Rasa NLU unable to extract JSON input from text

Hello!

I’m training a chatbot to be able to easily modify and connect with a back-end database. For this, there are a few intents in which the user will be expected to directly input some JSON data with which Rasa will make the API call.

One of the training example is:

- Create transition for work order [{\"region\":\"AM\",\"subregion\":\"CA\",\"dispatch_id\":\"xxxxx\"}](status_data) for [onSite](status_type)

After training the data and running the NLU shell, the ‘status_type’ entity with value ‘onSite’ is being recognized and the value is correctly extracted, however, that’s the only entity extracted and the ‘status_data’ is completely ignored.

I don’t know where I’m going wrong and why the JSON part of the text isn’t being extracted.
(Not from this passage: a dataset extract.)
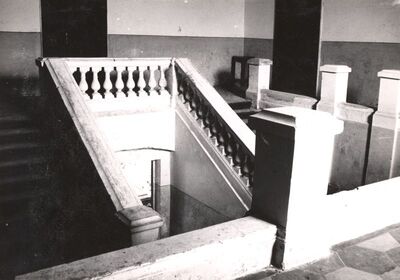 Jakovlje - Dvorac Oršić, stubište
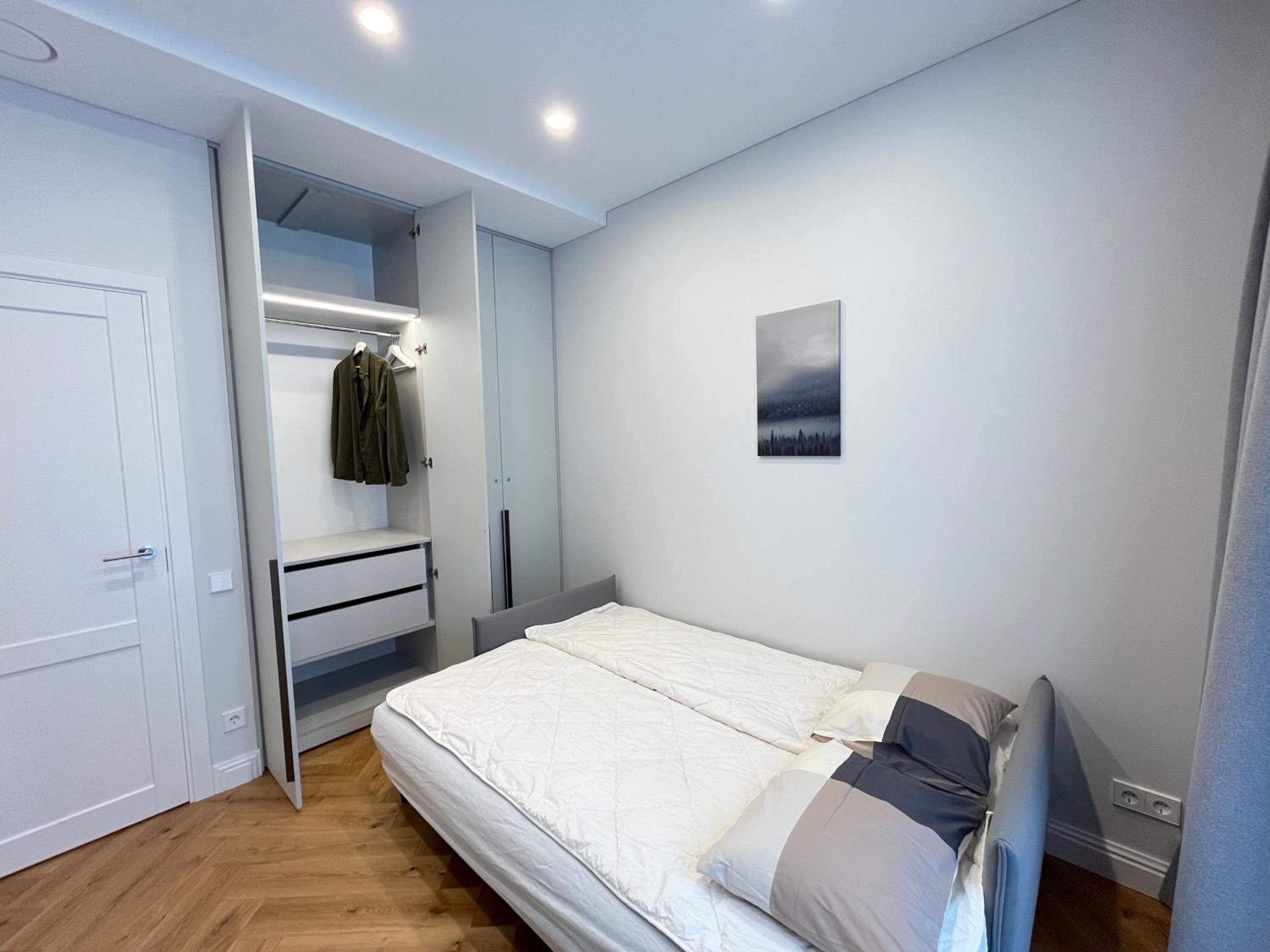 2BD Apt w-Terrace, AC, next to Dineika Park I ᴄᴏʜᴏsᴛ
I have tried with the backslash before the double quotes to escape them, as well as without them, neither seems to be working. I’ve also tried with both DIETClassifier and CRFEntityExtractor, here is my current config.yml file:

language: “en” pipeline:

  • name: WhitespaceTokenizer
  • name: RegexFeaturizer
  • name: LexicalSyntacticFeaturizer
  • name: CountVectorsFeaturizer analyzer: “char_wb” min_ngram: 1 max_ngram: 4
  • name: DIETClassifier epochs: 100
  • name: CRFEntityExtractor
  • name: EntitySynonymMapper
  • name: ResponseSelector epochs: 100

Would really appreciate if someone could guide me as to how to make this work. Thank you!
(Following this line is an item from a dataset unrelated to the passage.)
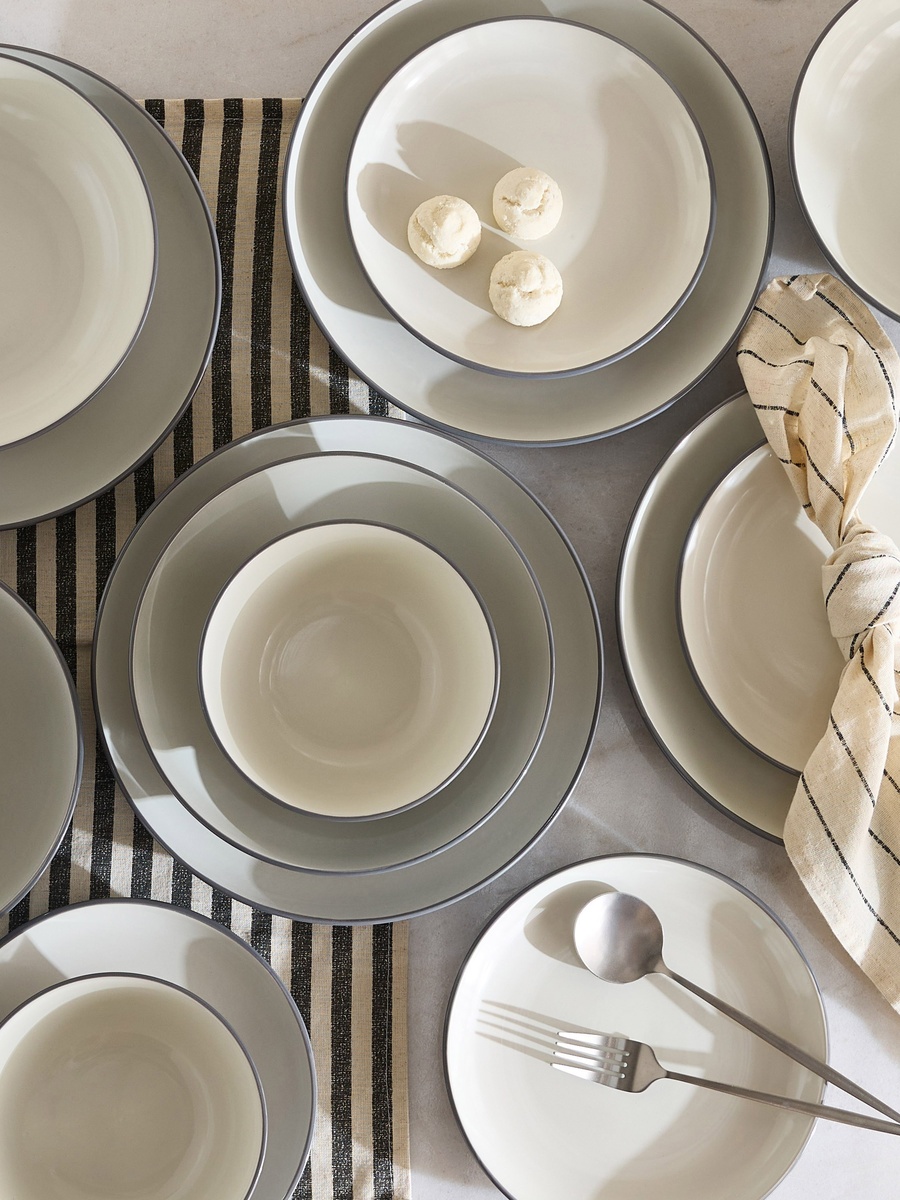 Elegenza 16-Piece Dinner Set - Serves 4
I think that is due to the way how we parse the incoming text. It might be that the status_data entity is not correctly recognized and therefore not trained correctly. Can you share your training log file? It should say what kind of entities it found.

It might be easier to use a form for your use case. You can prompt a couple of questions, one asking about the JSON data. You can fill a specific entity directly from the incoming text using the slot mapping from_text.